● **WORK TO BE COMPLETED**
Return every line from the records below in which the word "Wide" is found.

● **PROVIDED ENTRIES**
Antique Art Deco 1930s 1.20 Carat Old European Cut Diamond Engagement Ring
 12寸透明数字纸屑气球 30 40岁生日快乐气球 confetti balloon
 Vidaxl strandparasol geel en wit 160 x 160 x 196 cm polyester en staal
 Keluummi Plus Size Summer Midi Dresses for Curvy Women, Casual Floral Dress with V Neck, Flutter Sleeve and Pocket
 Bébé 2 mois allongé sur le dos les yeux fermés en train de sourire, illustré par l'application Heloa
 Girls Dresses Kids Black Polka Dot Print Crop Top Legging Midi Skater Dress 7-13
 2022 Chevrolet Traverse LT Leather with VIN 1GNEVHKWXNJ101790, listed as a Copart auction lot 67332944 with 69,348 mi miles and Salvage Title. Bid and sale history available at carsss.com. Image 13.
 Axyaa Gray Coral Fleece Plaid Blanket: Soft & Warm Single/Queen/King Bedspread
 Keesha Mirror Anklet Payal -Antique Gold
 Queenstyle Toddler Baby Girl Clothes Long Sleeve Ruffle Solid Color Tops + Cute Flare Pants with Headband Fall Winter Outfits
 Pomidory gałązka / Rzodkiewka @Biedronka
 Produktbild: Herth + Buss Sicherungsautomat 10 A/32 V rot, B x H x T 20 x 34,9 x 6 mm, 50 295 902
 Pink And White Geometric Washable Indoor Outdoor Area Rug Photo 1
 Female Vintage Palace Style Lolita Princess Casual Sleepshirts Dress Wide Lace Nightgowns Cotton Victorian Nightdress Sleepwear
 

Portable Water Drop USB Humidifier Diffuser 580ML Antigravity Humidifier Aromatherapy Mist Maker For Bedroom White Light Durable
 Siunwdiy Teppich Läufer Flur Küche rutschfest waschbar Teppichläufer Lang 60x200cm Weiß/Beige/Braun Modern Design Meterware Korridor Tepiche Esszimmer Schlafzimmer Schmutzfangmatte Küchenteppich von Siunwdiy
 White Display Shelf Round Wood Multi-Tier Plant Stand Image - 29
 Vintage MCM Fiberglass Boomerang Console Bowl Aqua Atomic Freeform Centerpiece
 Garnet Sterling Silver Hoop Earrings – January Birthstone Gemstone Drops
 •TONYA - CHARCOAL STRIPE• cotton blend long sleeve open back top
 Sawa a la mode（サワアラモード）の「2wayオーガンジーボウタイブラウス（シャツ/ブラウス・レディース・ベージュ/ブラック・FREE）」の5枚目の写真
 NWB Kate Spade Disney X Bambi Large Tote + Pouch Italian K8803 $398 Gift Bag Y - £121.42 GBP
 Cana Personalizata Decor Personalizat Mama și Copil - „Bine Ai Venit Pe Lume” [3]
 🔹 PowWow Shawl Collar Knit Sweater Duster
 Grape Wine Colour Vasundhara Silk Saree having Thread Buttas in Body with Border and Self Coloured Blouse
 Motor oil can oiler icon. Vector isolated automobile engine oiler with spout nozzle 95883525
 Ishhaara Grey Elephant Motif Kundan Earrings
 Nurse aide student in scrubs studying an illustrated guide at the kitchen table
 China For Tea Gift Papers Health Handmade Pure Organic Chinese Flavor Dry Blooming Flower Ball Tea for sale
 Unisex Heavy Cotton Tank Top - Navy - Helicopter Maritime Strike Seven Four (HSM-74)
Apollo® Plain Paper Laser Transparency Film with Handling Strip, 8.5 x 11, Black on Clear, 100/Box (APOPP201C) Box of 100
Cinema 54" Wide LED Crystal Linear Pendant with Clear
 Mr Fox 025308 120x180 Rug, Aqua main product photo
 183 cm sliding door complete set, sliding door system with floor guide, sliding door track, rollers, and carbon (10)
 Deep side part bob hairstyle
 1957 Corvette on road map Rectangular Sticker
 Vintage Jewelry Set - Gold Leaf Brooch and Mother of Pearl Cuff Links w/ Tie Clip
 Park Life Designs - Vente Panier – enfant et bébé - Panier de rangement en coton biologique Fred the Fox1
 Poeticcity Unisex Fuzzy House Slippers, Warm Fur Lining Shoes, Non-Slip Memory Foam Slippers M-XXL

● **RESPONSE FOR THIS EXERCISE**
 Female Vintage Palace Style Lolita Princess Casual Sleepshirts Dress Wide Lace Nightgowns Cotton Victorian Nightdress Sleepwear
Cinema 54" Wide LED Crystal Linear Pendant with Clear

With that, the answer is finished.